Although such particles are invisible, we could still theoretically see the mess they make when they collide.
It’s this idea that leads physicists to scour the galaxy for some glimmer of dark matter collisions.
Spot a line produced by a pair of gamma-rays emanating from just the right spot and you may have found coveted clues to the dark matter mystery.
Now a collaboration of scientists using the Fermi Gamma-Ray Spacecraft’s Large Area Telescope instrument (Fermi–LAT) has confirmed seeing an unusual gamma-ray line near the galactic center.
If the finding stands up to further scrutiny, it’s possible this line comes from the annihilation of dark matter.
In April theoretical physicist Christoph Weniger, now at the GRAPPA Institute in Amsterdam, analyzed Fermi–LAT’s publicly available data and spotted a strange gamma-ray line near the galactic center.
There’s no known astrophysical event that can tidily explain this line—but the collision of dark matter particles might. If that were the case, it would be a major discovery: Once physicists spot the products of such an annihilation, they could begin to understand the particles that collided.
But there was a catch: Weniger is not a member of the Fermi-LAT collaboration and therefore cannot be able to account for the quirks of their instrument. What was needed was a weigh-in from Fermi-LAT collaboration physicists; they know the data best and would be able to confirm any hint of dark matter.
That confirmation—though very qualified—came earlier this month at the Fourth International Fermi Symposium. “We do see a line at the galactic center but at lower significance than others have seen,” The Ohio State University physicist and collaborator Andrea Albert says.
Specifically, when Albert and colleagues looked within a certain region of the galactic center, they saw a prominent gamma-ray line with an energy of 135 giga–electron volts (GeV) with 3.35 sigma significance. This is close enough to Weniger’s observations to infer that this is the line he spotted as well. There’s even a second, much less pronounced line that could support the conclusion that this is dark matter. If dark matter really is what’s producing the gamma-ray line in the galactic center, physicists would predict that it could produce additional signals nearby, annihilating and releasing other particles as well as gamma-rays. The Fermi-LAT collaboration has some evidence of a second line that meshes well with this theoretical prediction.

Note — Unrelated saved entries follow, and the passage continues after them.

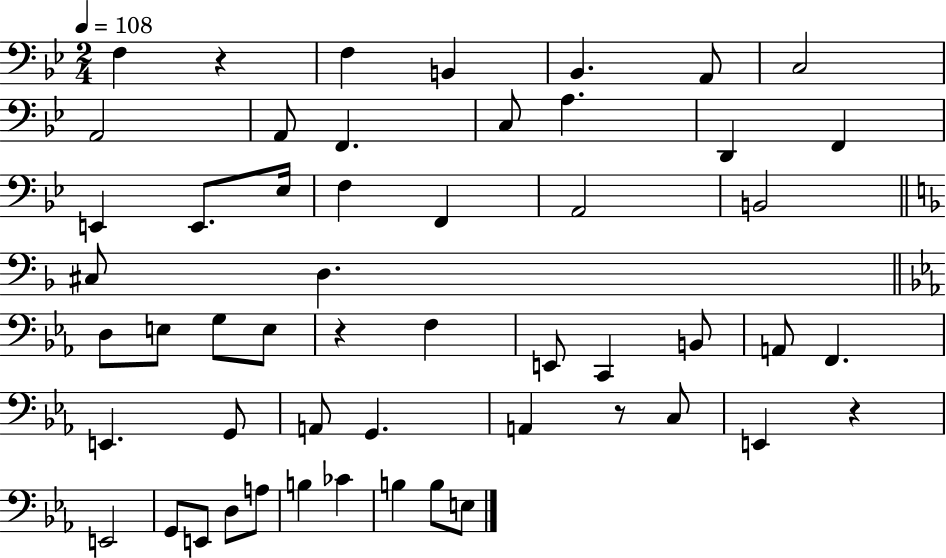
{
  \clef bass
  \numericTimeSignature
  \time 2/4
  \key bes \major
  \tempo 4 = 108
  \repeat volta 2 { f4 r4 | f4 b,4 | bes,4. a,8 | c2 | \break a,2 | a,8 f,4. | c8 a4. | d,4 f,4 | \break e,4 e,8. ees16 | f4 f,4 | a,2 | b,2 | \break \bar "||" \break \key d \minor cis8 d4. | \bar "||" \break \key c \minor d8 e8 g8 e8 | r4 f4 | e,8 c,4 b,8 | a,8 f,4. | \break e,4. g,8 | a,8 g,4. | a,4 r8 c8 | e,4 r4 | \break e,2 | g,8 e,8 d8 a8 | b4 ces'4 | b4 b8 e8 | \break } \bar "|."
} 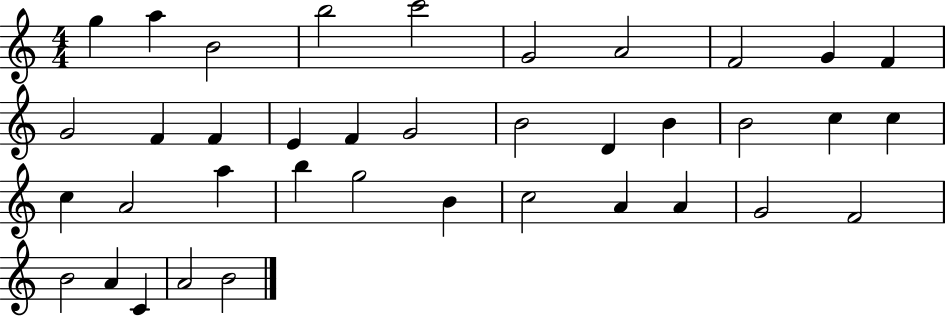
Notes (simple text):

G5/q A5/q B4/h B5/h C6/h G4/h A4/h F4/h G4/q F4/q G4/h F4/q F4/q E4/q F4/q G4/h B4/h D4/q B4/q B4/h C5/q C5/q C5/q A4/h A5/q B5/q G5/h B4/q C5/h A4/q A4/q G4/h F4/h B4/h A4/q C4/q A4/h B4/h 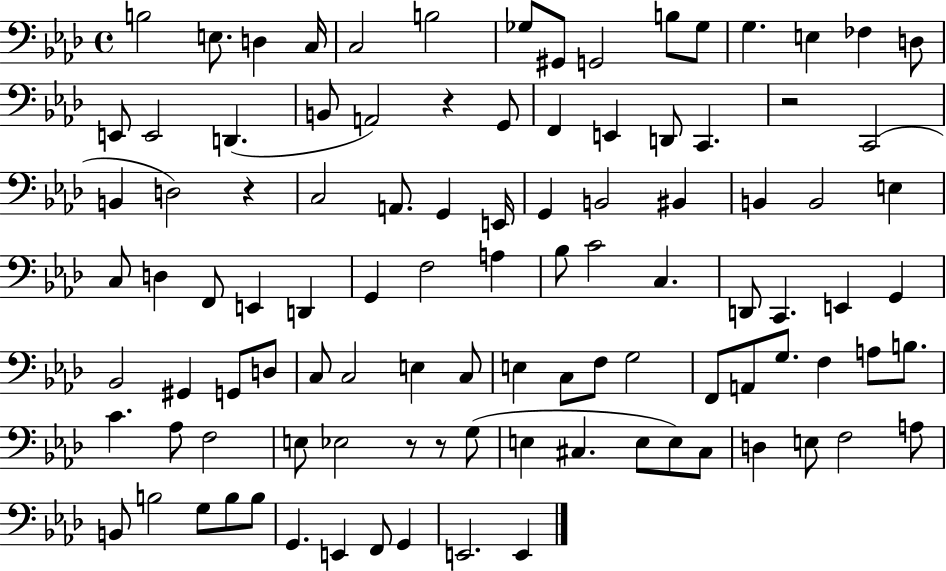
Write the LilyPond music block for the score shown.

{
  \clef bass
  \time 4/4
  \defaultTimeSignature
  \key aes \major
  b2 e8. d4 c16 | c2 b2 | ges8 gis,8 g,2 b8 ges8 | g4. e4 fes4 d8 | \break e,8 e,2 d,4.( | b,8 a,2) r4 g,8 | f,4 e,4 d,8 c,4. | r2 c,2( | \break b,4 d2) r4 | c2 a,8. g,4 e,16 | g,4 b,2 bis,4 | b,4 b,2 e4 | \break c8 d4 f,8 e,4 d,4 | g,4 f2 a4 | bes8 c'2 c4. | d,8 c,4. e,4 g,4 | \break bes,2 gis,4 g,8 d8 | c8 c2 e4 c8 | e4 c8 f8 g2 | f,8 a,8 g8. f4 a8 b8. | \break c'4. aes8 f2 | e8 ees2 r8 r8 g8( | e4 cis4. e8 e8) cis8 | d4 e8 f2 a8 | \break b,8 b2 g8 b8 b8 | g,4. e,4 f,8 g,4 | e,2. e,4 | \bar "|."
}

But there is a problem with the 135 GeV gamma-ray line. When Fermi–LAT physicists looked at data from the Earth limb, or outer rim of the atmosphere, they found another line-like bump in the data at 135 GeV. Put simply, that region should be bump-free. The presence of a line at the same energy level in two different data sets suggests that these could be aberrations introduced by data processing.
Then again, the Earth-limb finding could just be a coincidence—albeit an eerie one.“For now, we cannot exclude the possibility that the line in the galactic center is a dark matter line,” Albert says. “Within a year we hope to have an answer.”